Edward Snowden’s disclosure of NSA surveillance practices has provoked a public debate about the merits of establishing an international standard for privacy and data protection. Officials from a number of countries, including Brazil, Uruguay, Denmark, Holland, and Hungary, have expressed interest in such a standard. Perhaps the most intriguing development thus far is a proposal by Germany’s federal data protection officer, Peter Schaar, who has proposed adding a protocol to Article 17 of the U.N. International Covenant on Civil and Political Rights, which protects against “arbitrary or unlawful interference with…privacy, family, home or correspondence.” This proposal, and the debate that accompanies it, have raised two key questions: 1) Is creating an enforceable global privacy standard even possible? and, 2) If so, what form should this standard take?

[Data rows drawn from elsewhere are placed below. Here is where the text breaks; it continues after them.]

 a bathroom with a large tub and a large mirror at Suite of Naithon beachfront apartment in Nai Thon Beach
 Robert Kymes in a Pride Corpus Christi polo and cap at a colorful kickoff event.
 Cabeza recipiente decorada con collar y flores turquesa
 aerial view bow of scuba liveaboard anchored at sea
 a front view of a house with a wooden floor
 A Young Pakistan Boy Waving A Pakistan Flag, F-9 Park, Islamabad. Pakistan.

Discussions about a global privacy standard predate the Snowden leaks. That being said, the current debate is very much grounded in the context of the Snowden controversy. Revelations of comparable prominence and scope (such as the Wikileaks releases of 2010) have historically had adverse effects on efforts to further secure the privacy of Internet users. Governments made to feel vulnerable by revelations of this nature sometimes respond defensively by cracking down on leakers and finding other ways to increase government access to information while reducing transparency. Furthermore, media coverage of past controversies has framed these leaks in the context of “leakers vs. the government,” pushing advocates on both sides of the issue (as well as members of the public) toward extreme positions that hinder productive discussion and policy development.

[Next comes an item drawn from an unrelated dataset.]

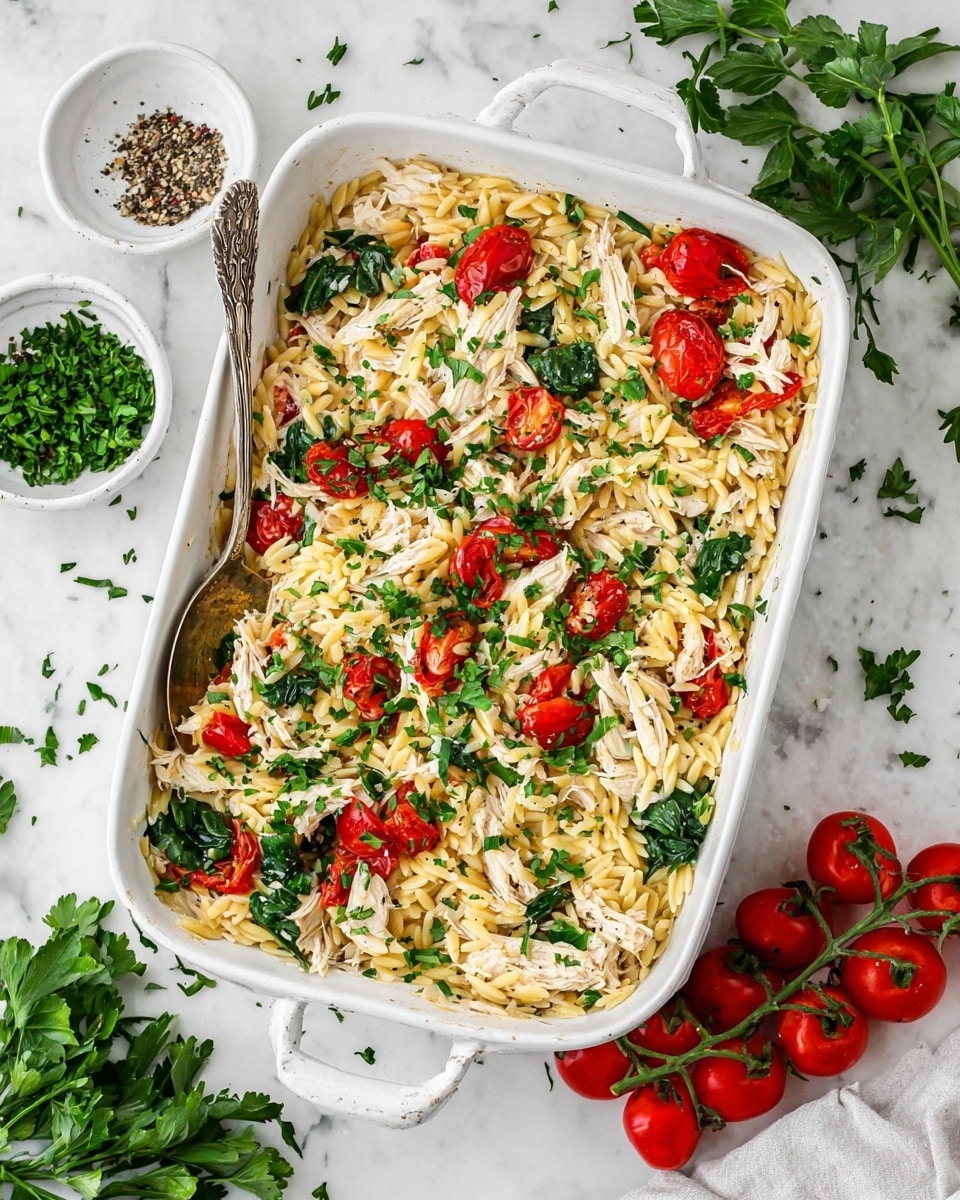 The image shows a white bowl filled with a colorful rice dish. At the bottom, there is a layer of light yellow rice mixed with small pieces of orange and green vegetables. On top of the rice, slices of grilled chicken with a brown, slightly charred surface are neatly arranged. The chicken is garnished with fresh green basil leaves. Around the chicken, there are whole roasted cherry tomatoes with a shiny red skin and some white creamy sauce drizzled lightly over the top. The bowl sits on a white marbled surface. photo taken with an iphone --ar 4:5 --v 7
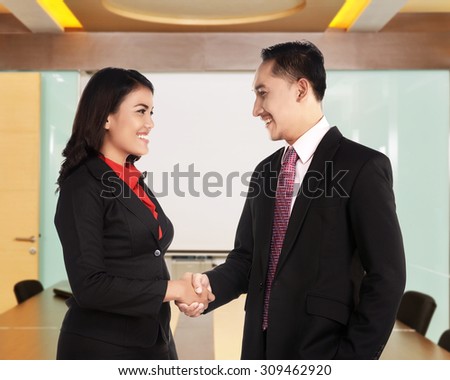 Business man and woman hand shake in the office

Despite this challenging context, a number of resources exist that may help inform the current discussion. In the last few years, a specialized subset of academic discourse has centered on global data privacy standards. One notable scholar in this field, Australian law professor Graham Greenleaf, has outlined an approach that differs from Schaar’s protocol addendum in one key aspect: Instead of involving the United Nations, he proposes building on the Council of Europe’s (CoE) existing Data Protection Convention 108. The arguments against and in support of Greenleaf’s proposal may be indicative of arguments that will surround Schaar’s proposed amendment to the ICCPR.

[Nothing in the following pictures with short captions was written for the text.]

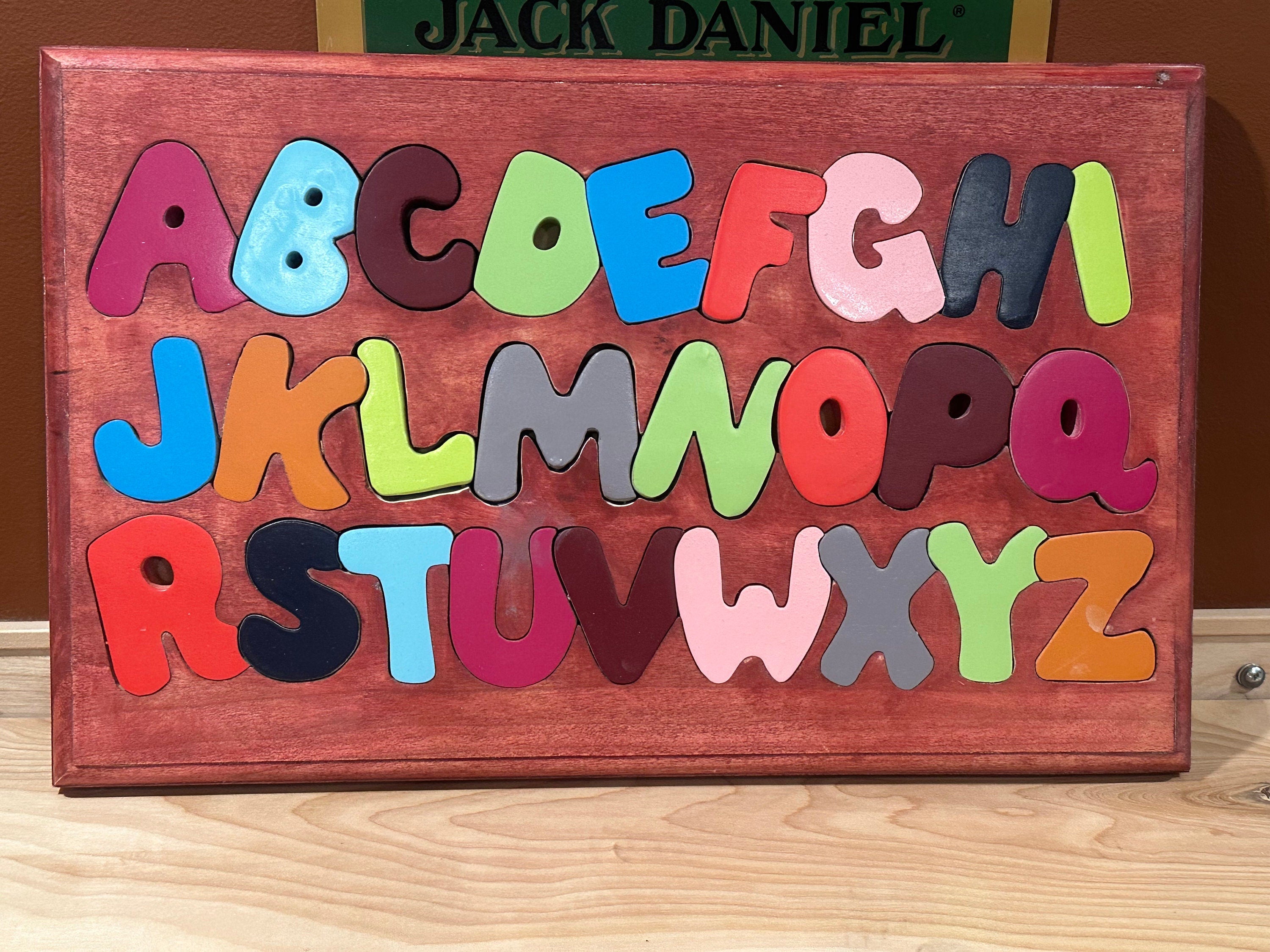 Alphabet puzzle. 11” X 18”.  Letters are 1/2 inch thick.   Wood type. Select pine, poplar and oak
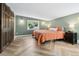 Bright bedroom features stylish herringbone floors, a comfortable bed, and bright natural lighting at 1253 Uinta St, Denver, CO 80220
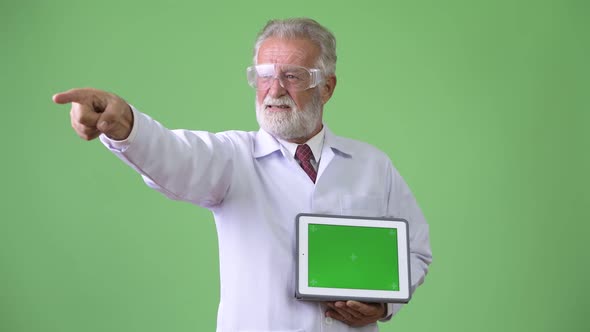 Handsome Senior Bearded Man Doctor Against Green Background alt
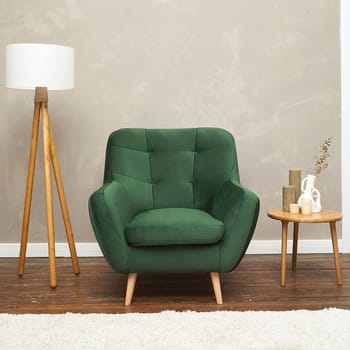 Modern green fabric armchair with wooden legs, front view. furniture, interior, home design
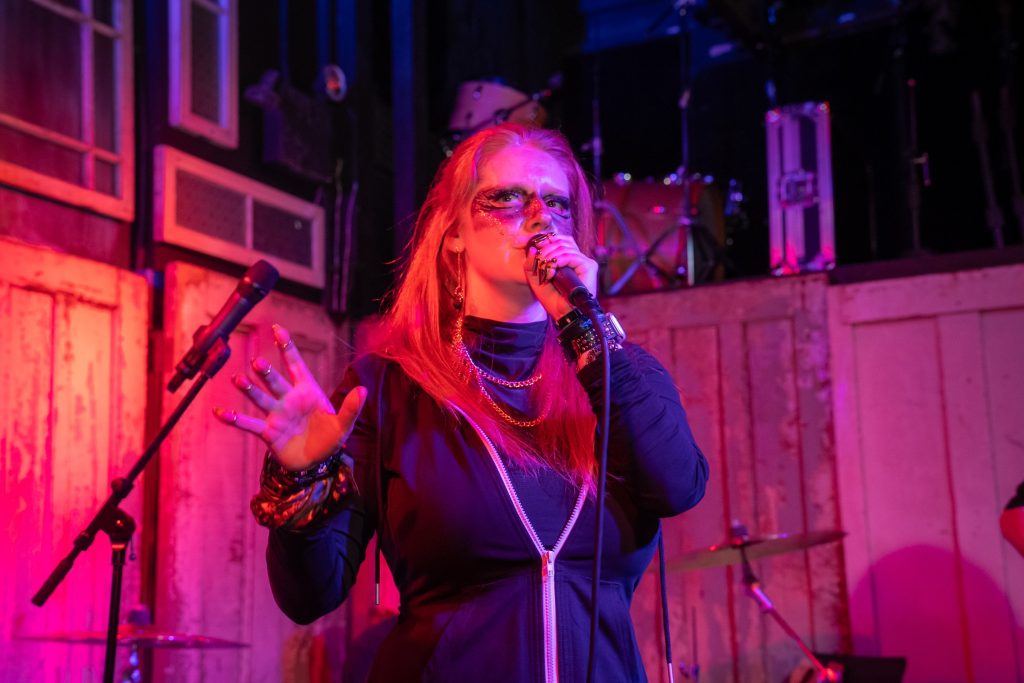 Emilie Bienne of BLOODFATE singing live on stage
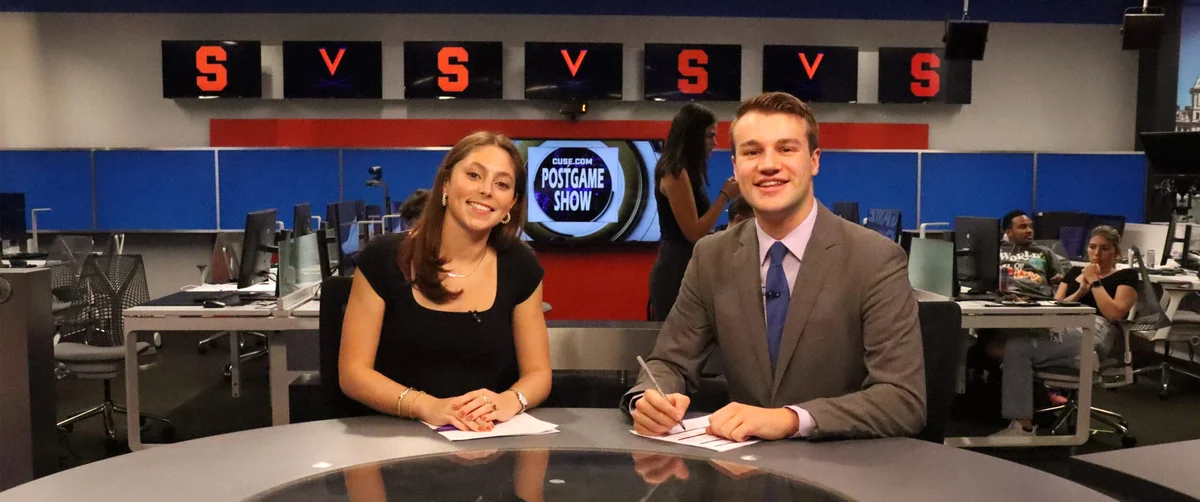 Two student journalists posing at an anchor table during a broadcast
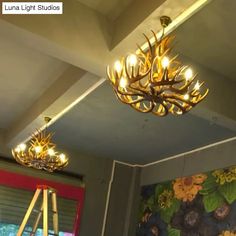 a chandelier hanging from the ceiling in a room with flowers painted on it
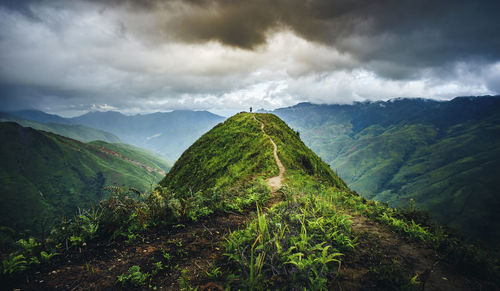 Scenic view of mountains against cloudy sky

Although it is an established practice for non-CoE countries to sign such conventions, critics of Greenleaf’s approach argue that there are few apparent incentives for the U.S. government to do so at this time. Furthermore, from a privacy advocate’s standpoint, creating a global data privacy standard comes with the risk of starting a “race to the bottom.” This theory holds that as soon as a widespread data privacy treaty is in force, states with greater protective measures would have to justify why their measures exceed global standards. Studies suggest, however, that this fear is unfounded. Greenleaf himself has demonstrated that data privacy laws have a global trajectory that increasingly favors expanding protections rather than rolling them back. He adds that the primary principles shaping this trajectory draw on the EU Directive more than any other source.
Greenleaf’s arguments, and those of other optimistic advocates of increased data protection, are further bolstered by trends in the private sector driven by greater public demand for data protection. A primary example of this is how some IT companies, rather than viewing data protection standards as a state-imposed cost, are emphasizing privacy protection as a key selling point to consumers. In Germany, for instance, Internet service providers now advertise the fact that they encrypt email communication. These trends indicate that a shift to high data protection standards could be supported not only by government forces but also by private sector companies that wish to cater to public demand.
Given these developments, there is good reason to believe that a global standard for data privacy could be created and enforced. Determining what this standard should look like, who should be responsible for enforcing it, and what power it will actually have to shape the continuing evolution of the Internet will require further scholarship and debate. Academia can play a pivotal role in this process by generating research to focus the problem, creating and evaluating public and private solutions, and providing a platform for debate.
As the conversation moves from scholarship to policy creation, the ITU could serve as a suitable platform for negotiations, especially when paired with UNESCO involvement to monitor implications for freedom of speech. But it may also be necessary to think creatively about negotiating a new treaty independent of established U.N. institutions—a similar process was used to create the Rome Statute, which serves as the basis for the International Criminal Court.
The process of creating a global standard for data privacy requires an undeniably delicate balancing act that must negotiate a complex interplay of technological, social, economic, legal, and political factors. It is a process, however, that offers the chance to create a healthier Internet where all global citizens can enjoy the benefits of interconnectivity without unduly compromising their own security. While success may be uncertain, this goal is definitely worth pursuing.